About this exercise:
Find the line below with "Magnificent Furnished Room" and the line with "Lucifer Season 5". Output them and the lines between, exactly, but not the pictures.

Source records:
* * *

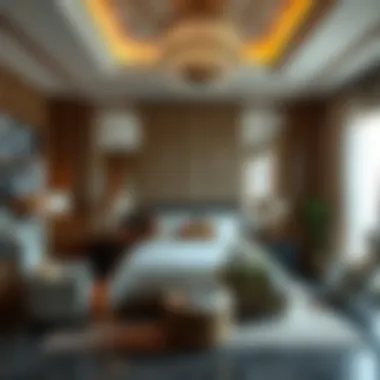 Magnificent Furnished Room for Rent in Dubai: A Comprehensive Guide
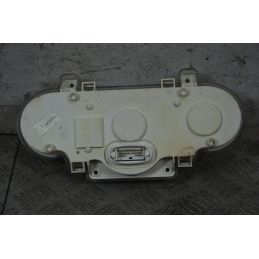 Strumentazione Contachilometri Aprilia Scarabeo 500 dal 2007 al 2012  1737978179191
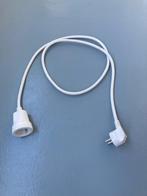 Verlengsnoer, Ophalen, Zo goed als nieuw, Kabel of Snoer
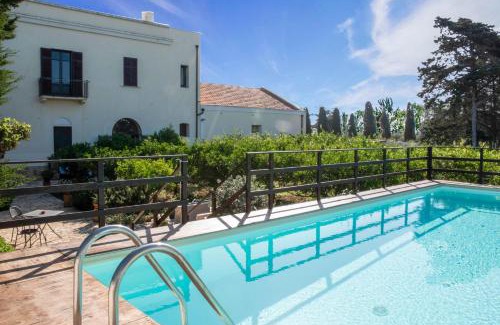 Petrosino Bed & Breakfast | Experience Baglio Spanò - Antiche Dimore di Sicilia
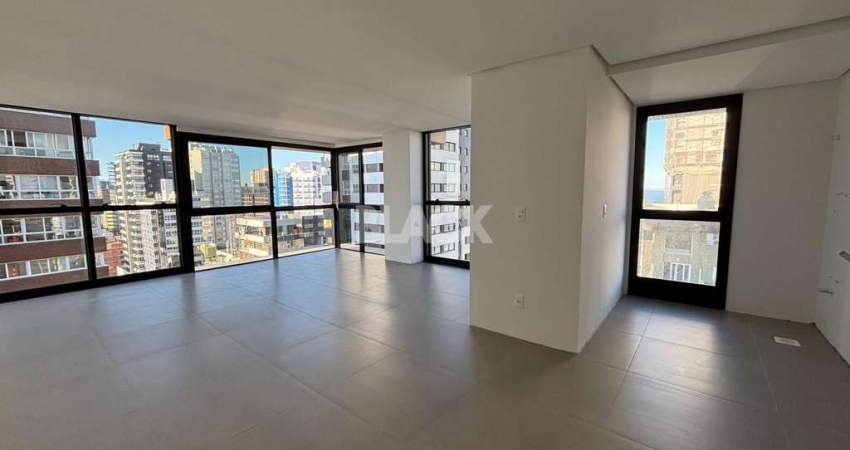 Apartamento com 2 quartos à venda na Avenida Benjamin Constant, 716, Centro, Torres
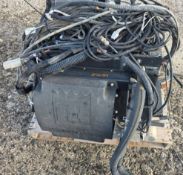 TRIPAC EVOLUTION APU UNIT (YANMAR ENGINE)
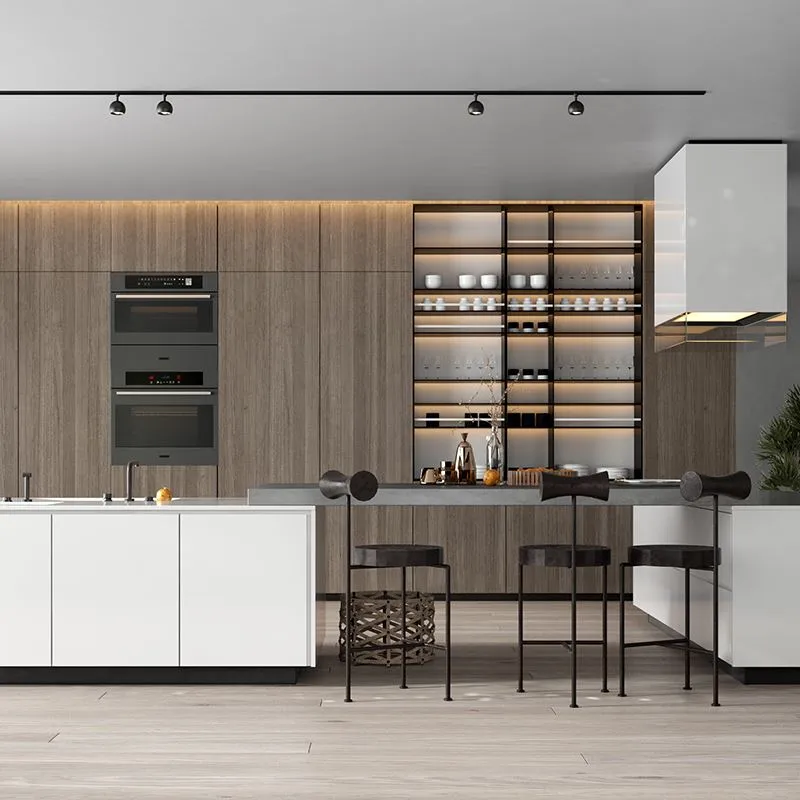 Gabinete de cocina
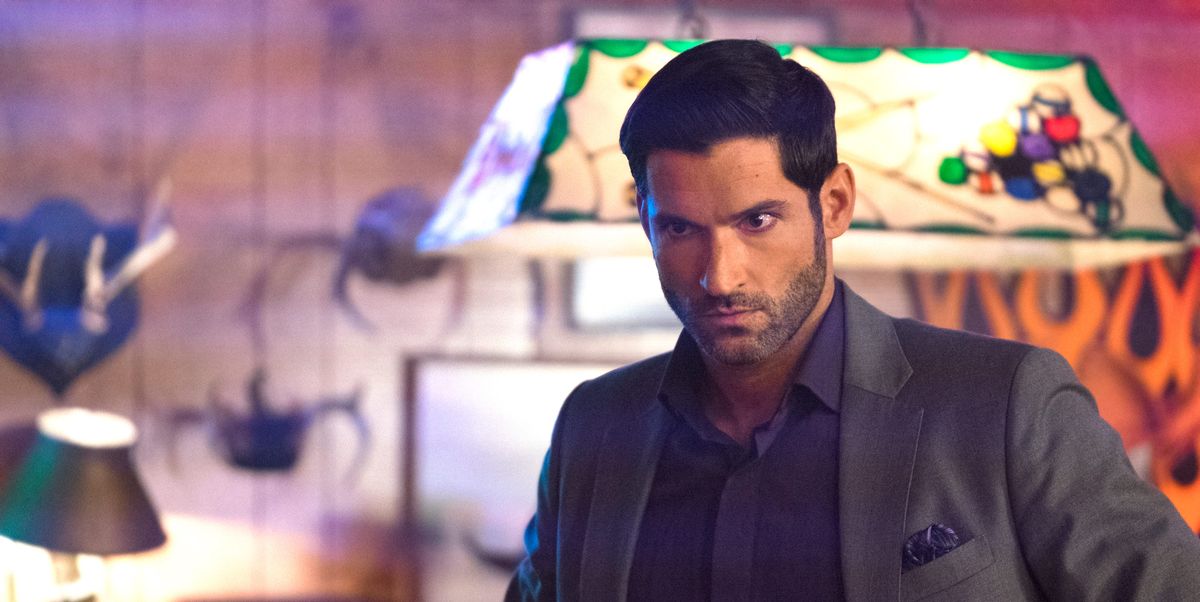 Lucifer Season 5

* * *

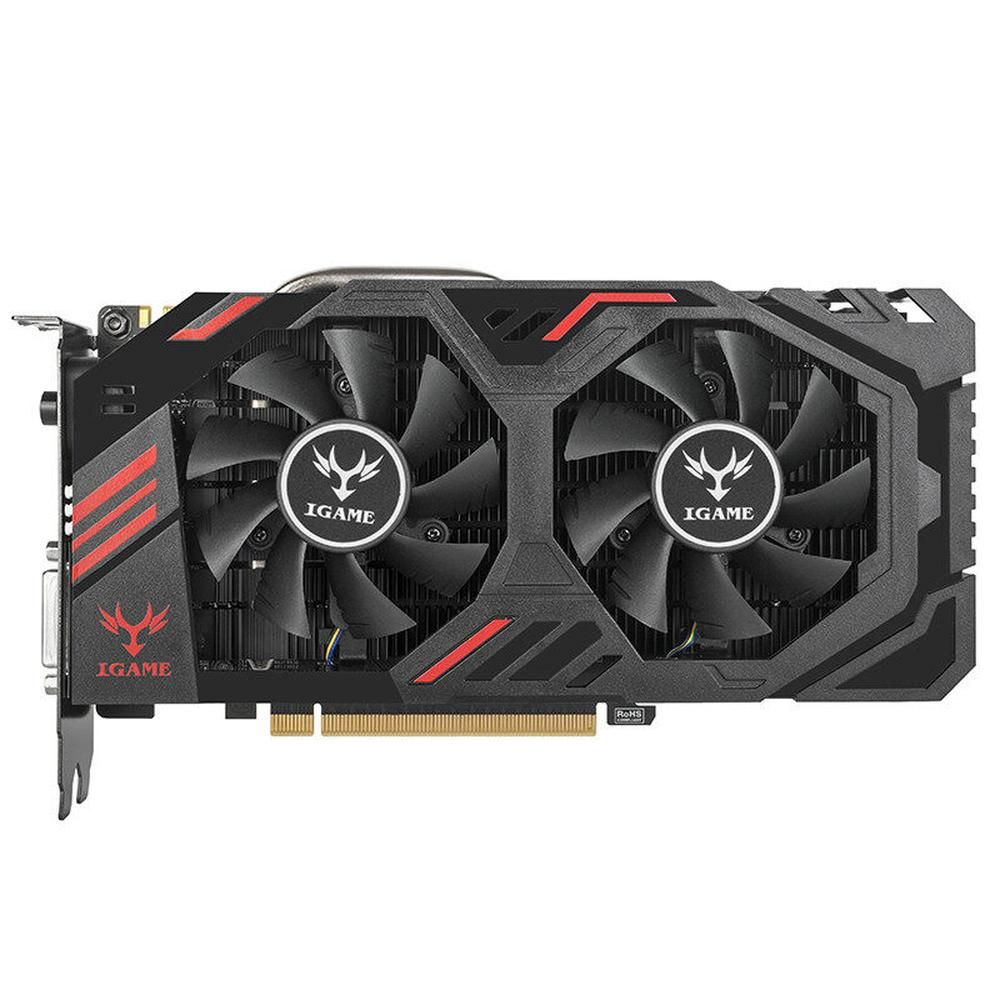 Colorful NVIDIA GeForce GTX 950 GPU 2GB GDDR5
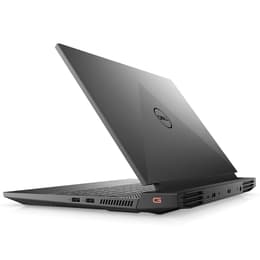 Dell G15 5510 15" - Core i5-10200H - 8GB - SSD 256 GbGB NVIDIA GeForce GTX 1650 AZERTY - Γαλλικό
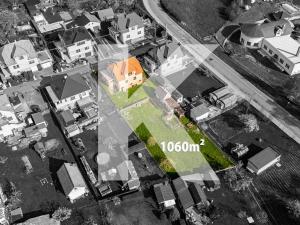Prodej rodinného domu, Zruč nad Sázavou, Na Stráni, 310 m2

* * *

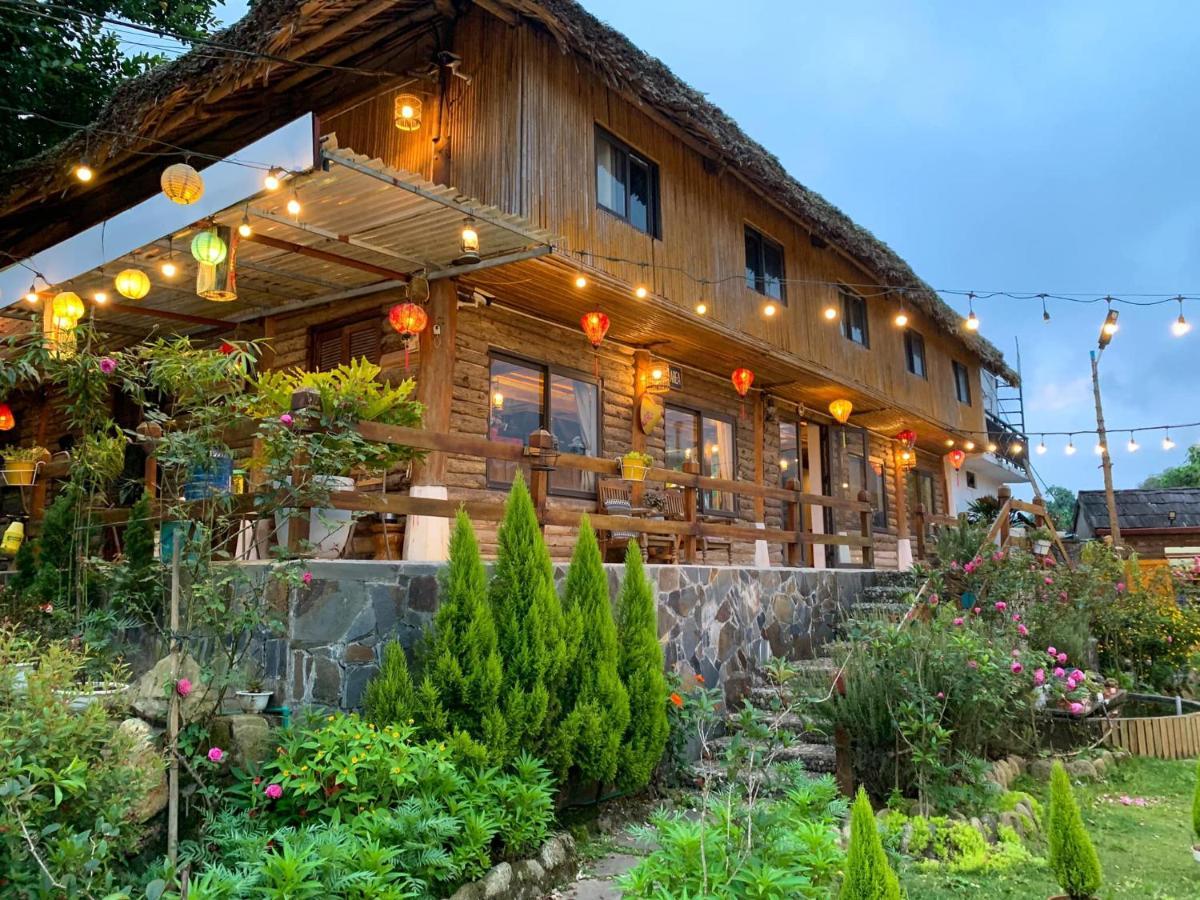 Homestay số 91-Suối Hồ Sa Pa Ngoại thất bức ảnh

* * *

Answer below:
 Magnificent Furnished Room for Rent in Dubai: A Comprehensive Guide
 Strumentazione Contachilometri Aprilia Scarabeo 500 dal 2007 al 2012  1737978179191
 Verlengsnoer, Ophalen, Zo goed als nieuw, Kabel of Snoer
 Petrosino Bed & Breakfast | Experience Baglio Spanò - Antiche Dimore di Sicilia
 Apartamento com 2 quartos à venda na Avenida Benjamin Constant, 716, Centro, Torres
 TRIPAC EVOLUTION APU UNIT (YANMAR ENGINE)
 Gabinete de cocina
 Lucifer Season 5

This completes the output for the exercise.